Segment Open

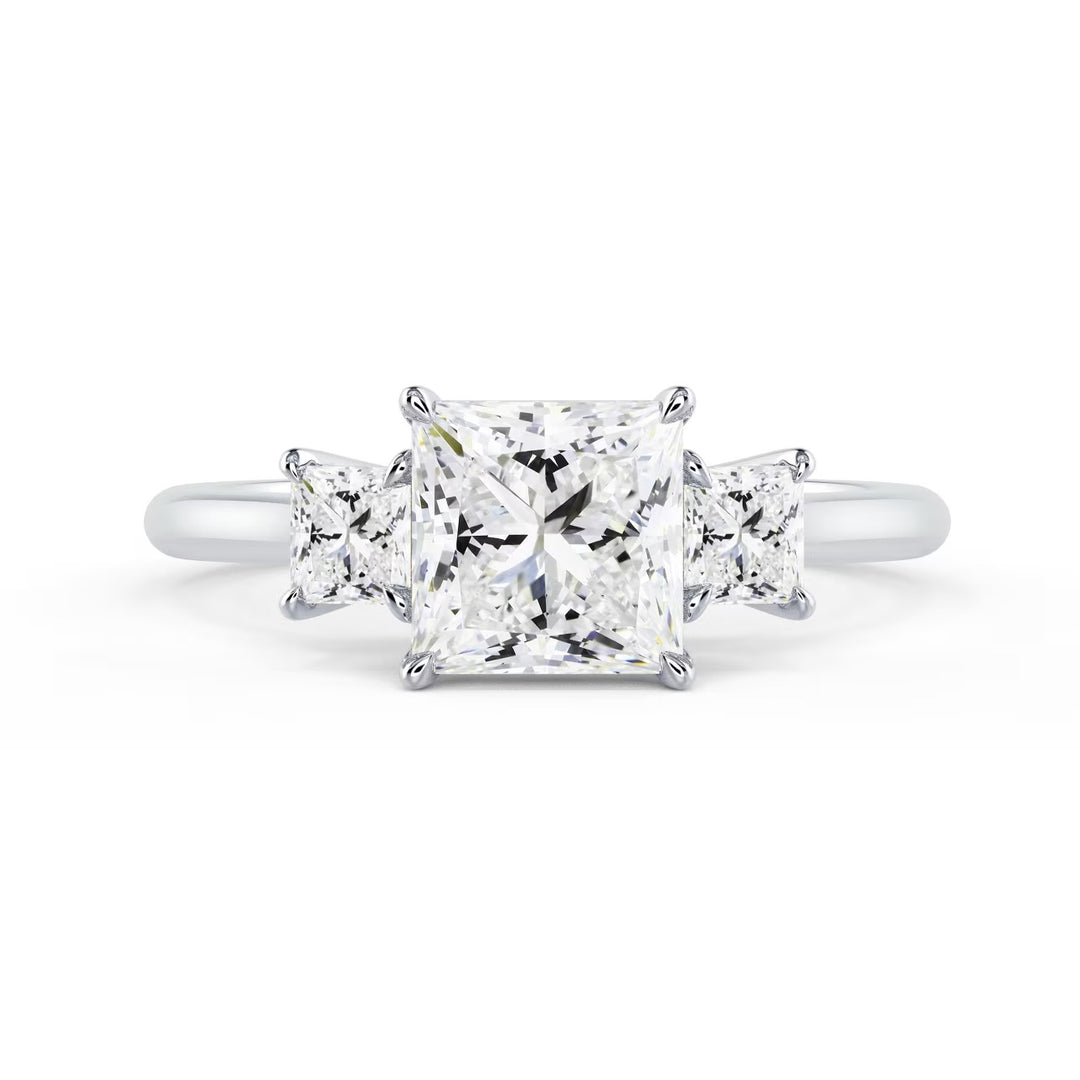 Front view of 1.50CT princess cut lab grown diamond three stone solitaire engagement ring showing brilliance and symmetry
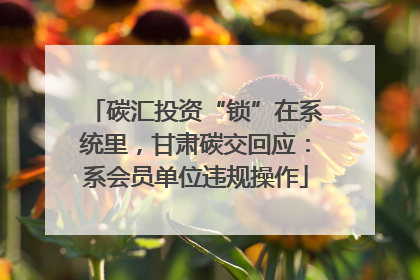 碳汇投资“锁”在系统里，甘肃碳交回应：系会员单位违规操作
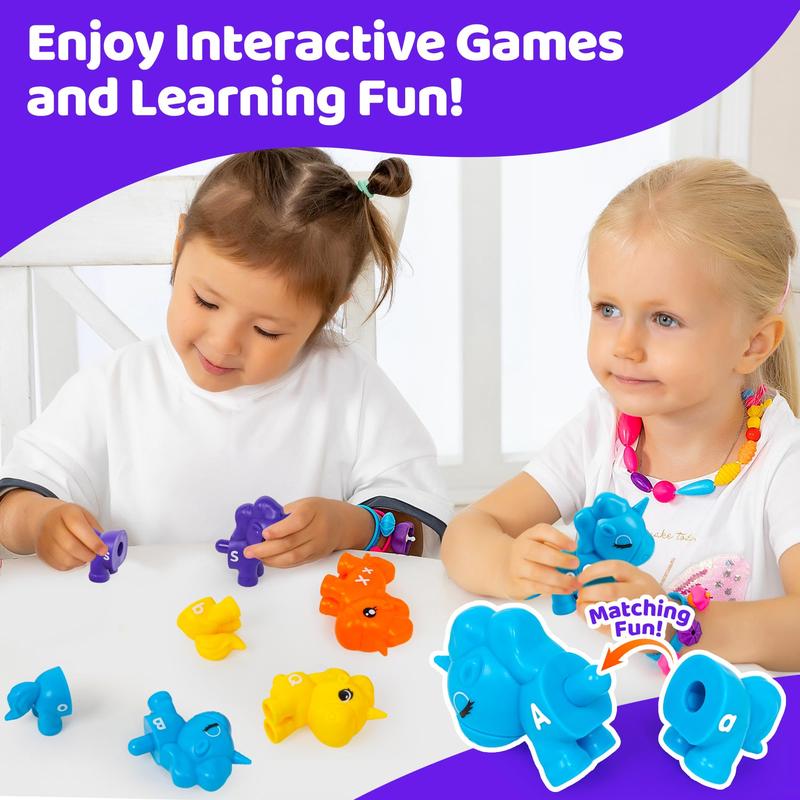 ABC Alphabet Learning Matching Games, 13 Pcs Unicorn Uppercase Lowercase Letter Montessori Preschool Interactive Educational Toys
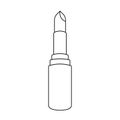 Lipstick. Sketch. Womens cosmetic product. Bottom view. Vector illustration. Lip moisturizer. Coloring book for children.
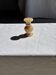 Small vintage candle holder in yellow onyx, H10 D5.5.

Segment Closed

* **What you have to do**:
Reproduce, without alteration and without pictures, only those lines that lie between the first line of the entries above and the line containing "ABC Alphabet Learning", both of them included.

* **Response box**:
 Front view of 1.50CT princess cut lab grown diamond three stone solitaire engagement ring showing brilliance and symmetry
 碳汇投资“锁”在系统里，甘肃碳交回应：系会员单位违规操作
 ABC Alphabet Learning Matching Games, 13 Pcs Unicorn Uppercase Lowercase Letter Montessori Preschool Interactive Educational Toys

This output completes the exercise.